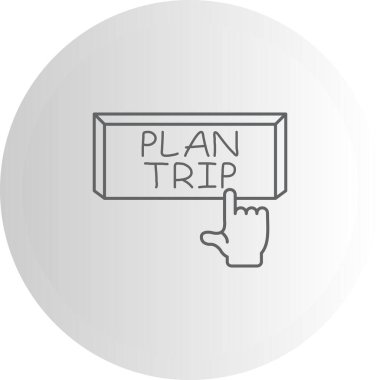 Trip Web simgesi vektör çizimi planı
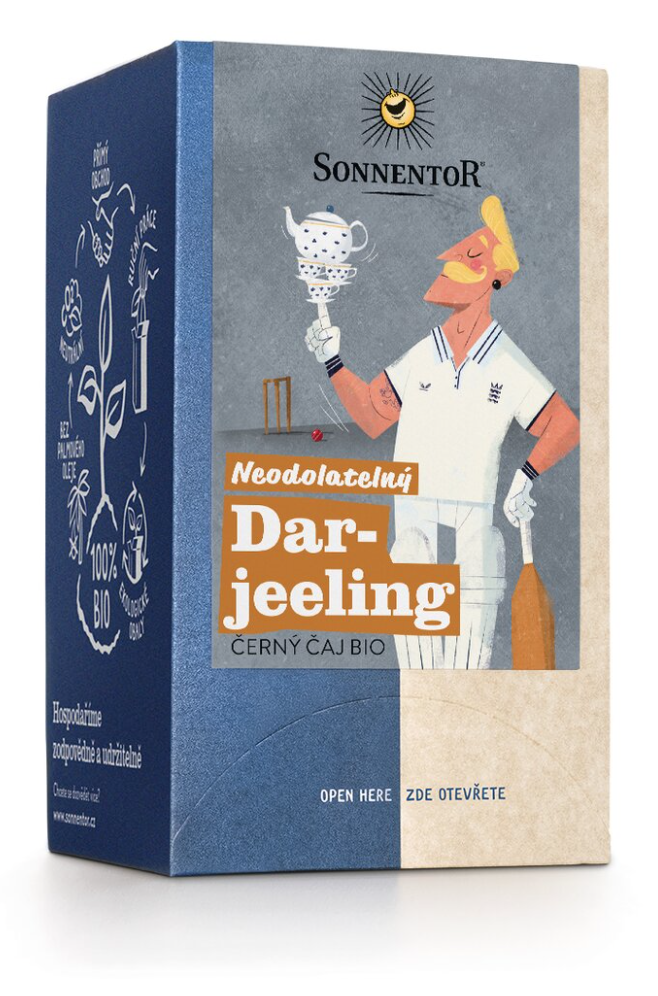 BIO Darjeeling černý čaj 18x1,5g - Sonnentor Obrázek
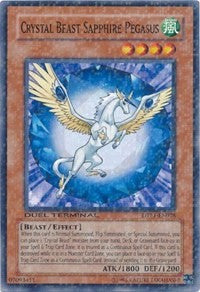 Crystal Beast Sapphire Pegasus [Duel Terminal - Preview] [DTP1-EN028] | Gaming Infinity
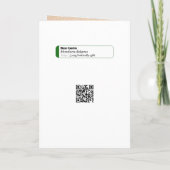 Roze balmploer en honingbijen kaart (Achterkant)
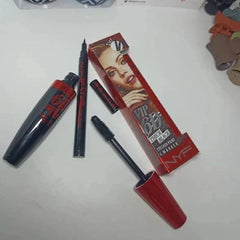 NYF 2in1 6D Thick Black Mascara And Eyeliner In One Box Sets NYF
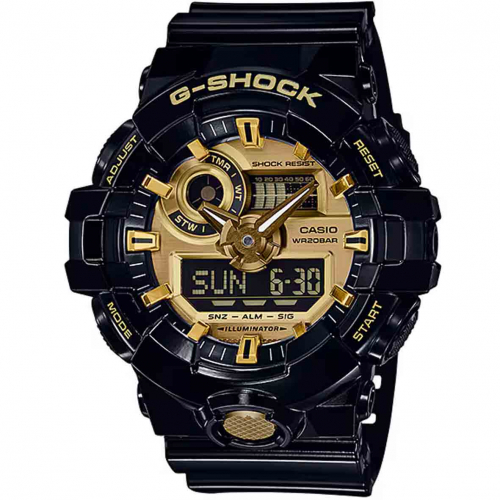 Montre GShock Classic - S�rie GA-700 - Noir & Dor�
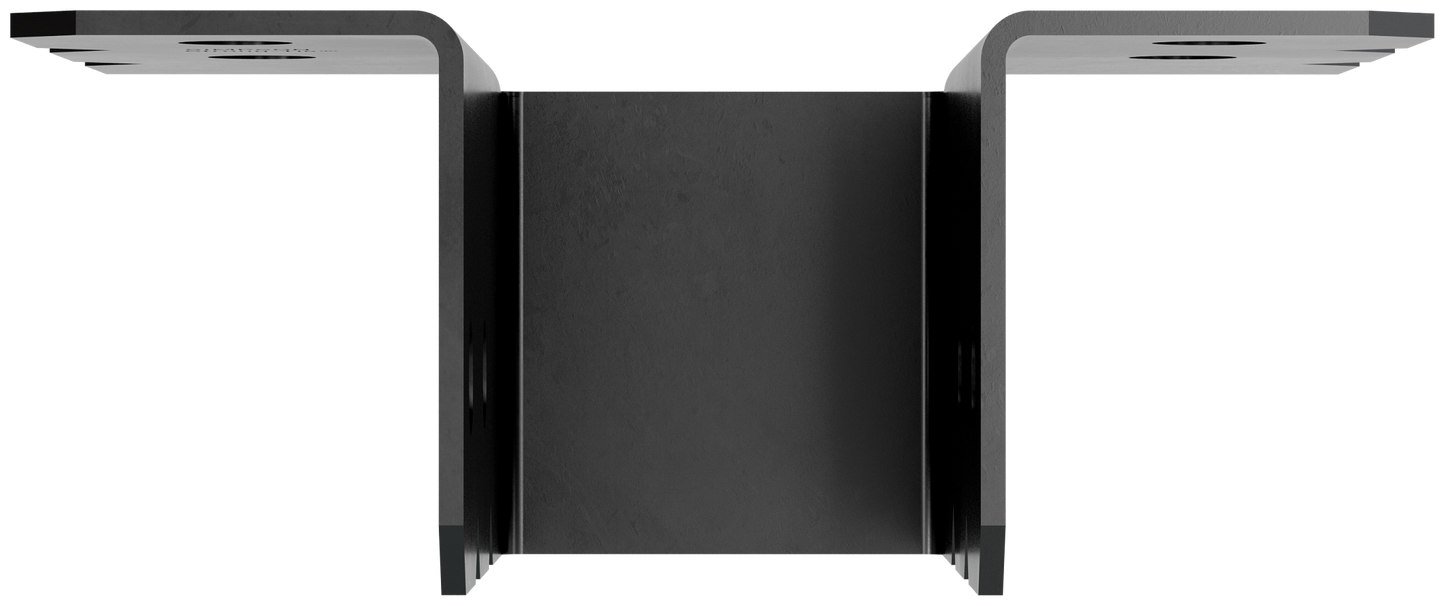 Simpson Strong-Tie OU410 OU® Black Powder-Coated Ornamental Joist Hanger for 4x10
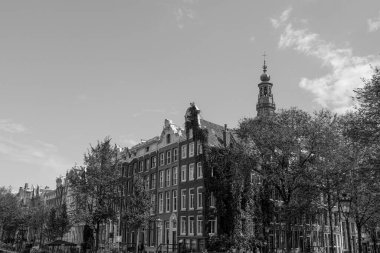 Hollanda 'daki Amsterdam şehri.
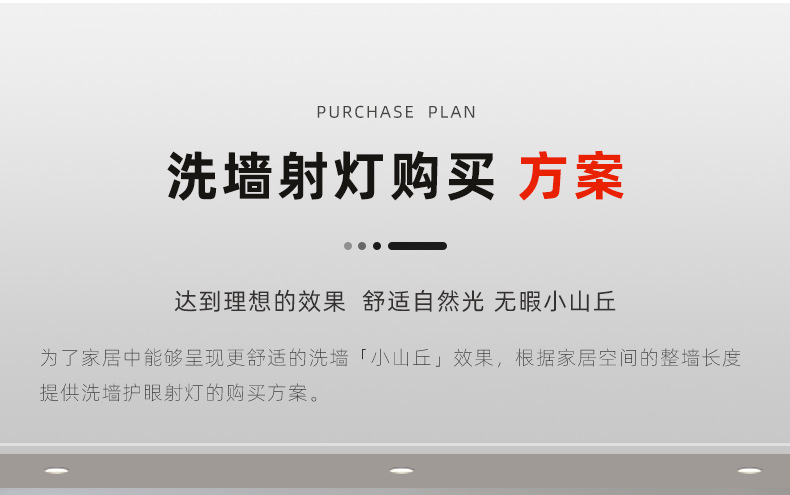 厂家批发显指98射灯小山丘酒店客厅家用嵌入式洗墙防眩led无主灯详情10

### WHAT YOU WILL DO
Begin at the first line of the records and please reproduce every line exactly through the one containing "Roze balmploer en", leaving all pictures out.

### RESULT
 Trip Web simgesi vektör çizimi planı
 BIO Darjeeling černý čaj 18x1,5g - Sonnentor Obrázek
 Crystal Beast Sapphire Pegasus [Duel Terminal - Preview] [DTP1-EN028] | Gaming Infinity
 Roze balmploer en honingbijen kaart (Achterkant)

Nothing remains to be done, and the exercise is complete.